The investigation at the crime scene had been impeded by the continuing armed attacks and was completed only four months later, in March. Besides, the investigating prosecutor of Elçi case has been changed three times as part of the reshuffle ordered by the government in the judiciary following the failed coup in July 2015. “On November, the prosecutor was reassigned. We met with the newly-assigned prosecutor, who also said that he has to examine the file", Diyarbakir Bar Association Chairman Ahmet Özmen told to Turkish-Armenian weekly newspaper Agos. "We provided the security footage of a restaurant near the crime scene. It has been a year since we have given this evidence, but they still haven't done anything about it. This alone reveals the fact that there is no effective and fast investigation process.”

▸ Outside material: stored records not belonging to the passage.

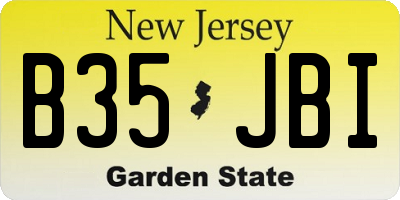 NJ license plate B35JBI
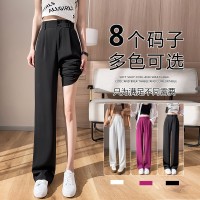 黑色阔腿裤女春夏高腰垂感西装裤小个子大码胖MM拖地直筒裤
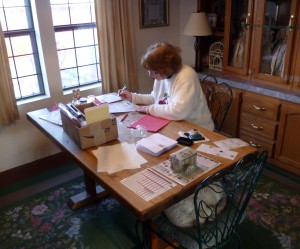 Pam working on Christmas cards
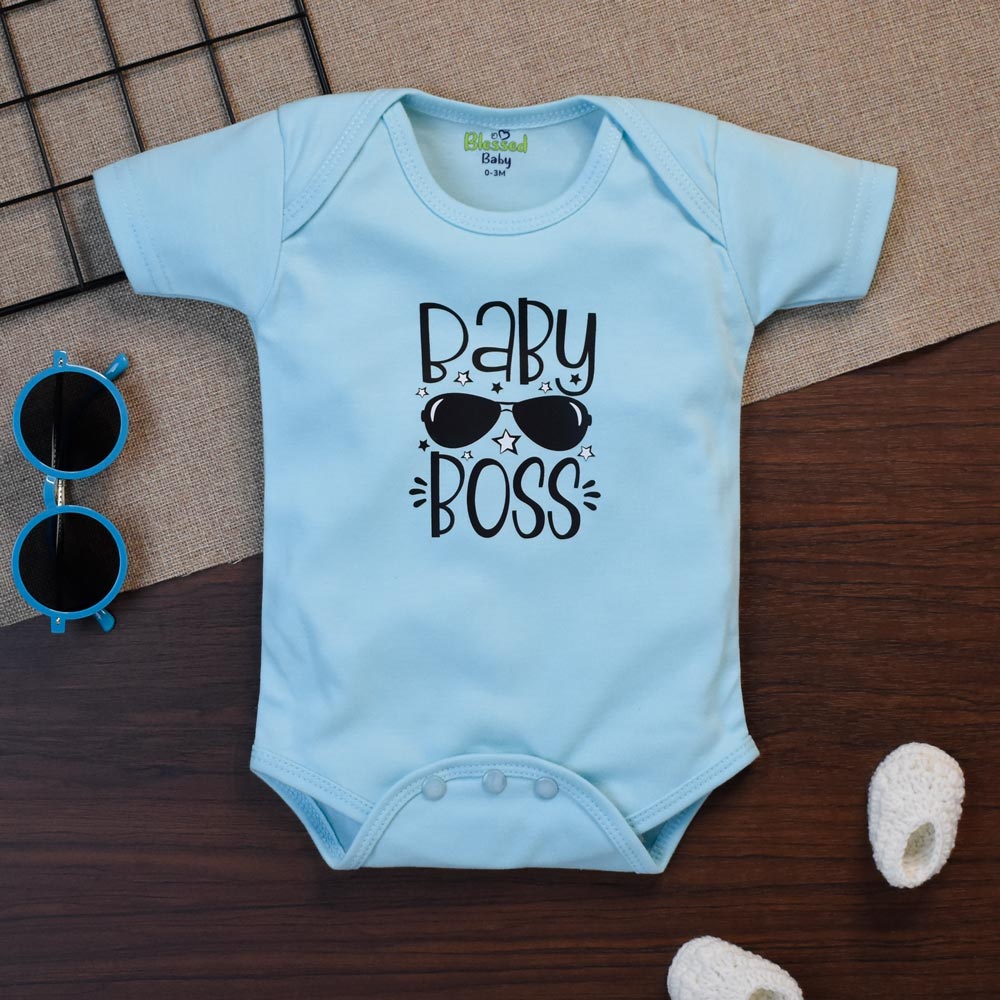 Baby Romper Baby Boss Design Blue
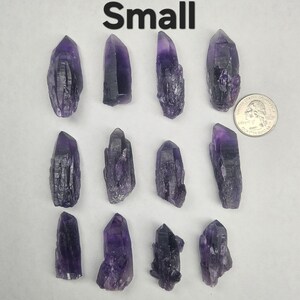 Peut inclure: Plusieurs petits cristaux d'am&eacute;thyste bruts de diff&eacute;rentes nuances de violet. Les cristaux sont dispos&eacute;s sur une surface blanche, avec une pi&egrave;ce de monnaie pour l'&eacute;chelle. Le mot "Small" est imprim&eacute; en noir en haut.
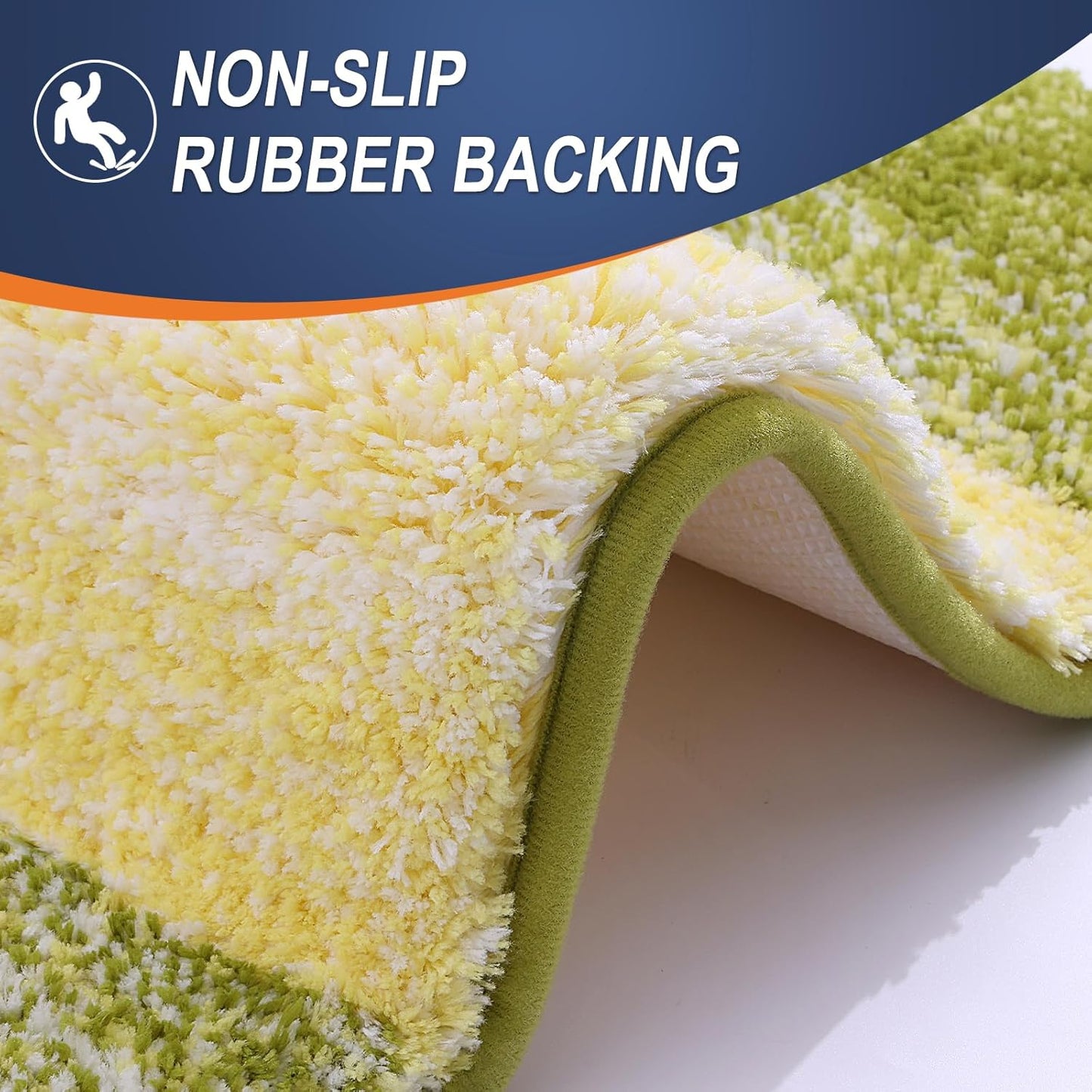 OLANLY Bathroom Rug Set 2 Piece, Soft Absorbent Microfiber Bath Mats and U-Shaped Contour Toilet Rug, Non-Slip, Machine Wash Dry, Plush Shaggy Bath Mats for Bathroom (30"x20"+24"x20", Olive Green)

Agos, founded by Hrant Dink, the Turkish journalist of Armenian origin killed in January 2007, has highlighted the demand for justice launched by the Friends of Hrant, the organization founded by Dink friends and followers, who gathered outside the court house in Istanbul for a hearing of Dink murder case. "The first step in the investigation on Dink murder was taken nine years after the murder. We shouldn't let something like this happen in investigation on Tahir Elçi murder," Friends of Hrant told in a statement, pointing out "the many similarities between the murders of these two peace envoys" and adding that "the State has been trying to conceal both of these murders."
Elçi had distinguished himself in the defense of the tortured detainees and victims of enforced disappearances, cooperating with international organizations and taking cases to the European Court of Human Rights. He was also among the founding members of Amnesty International in Turkey. Ten thousands people attended his funeral with his family members, representatives of all associations of lawyers in Turkey, rights activists and political organizations.
After his death the situation in the Kurdish provinces has worsened because of the crackdown launched by the Turkish government in the aftermath of the failed coup, which has been extended throughout the country in order to eliminate the alleged coup plotters and silence the opposition. A situation denounced by Brando Benifei, MEP of the Party of European Socialists (PES), after a mission in Turkey with other party members to bring solidarity to Selahattin Demirtaş, Co-Leader of the left-wing pro-Kurdish Peoples' Democratic Party (HDP), and to other parliamentarians jailed by Erdogan.
"Europe, while not closing the door completely, can no longer stand idly by while a so geographically close government puts in prison the members of its own Parliament, dozens of journalists, opposition politicians, judges, mayors, not to mention the armed conflict in the Kurd Southeast, we have almost ignored" said Benifei to Eunews. The PES delegation was not allowed to meet Demirtaş, but managed to visit Cumhuriyet independent daily, whose editor-in-chief was arrested in late October, while the former chief editor was sentenced to over 5 years in prison for an article on arms trafficking between the Intelligence and the ISIS. "Being present on site has allowed us to show to the HDP detainee leaders and deputies that they are not forgotten and that Europe looks at what is happening in Turkey with great attention and concern," Benifei said.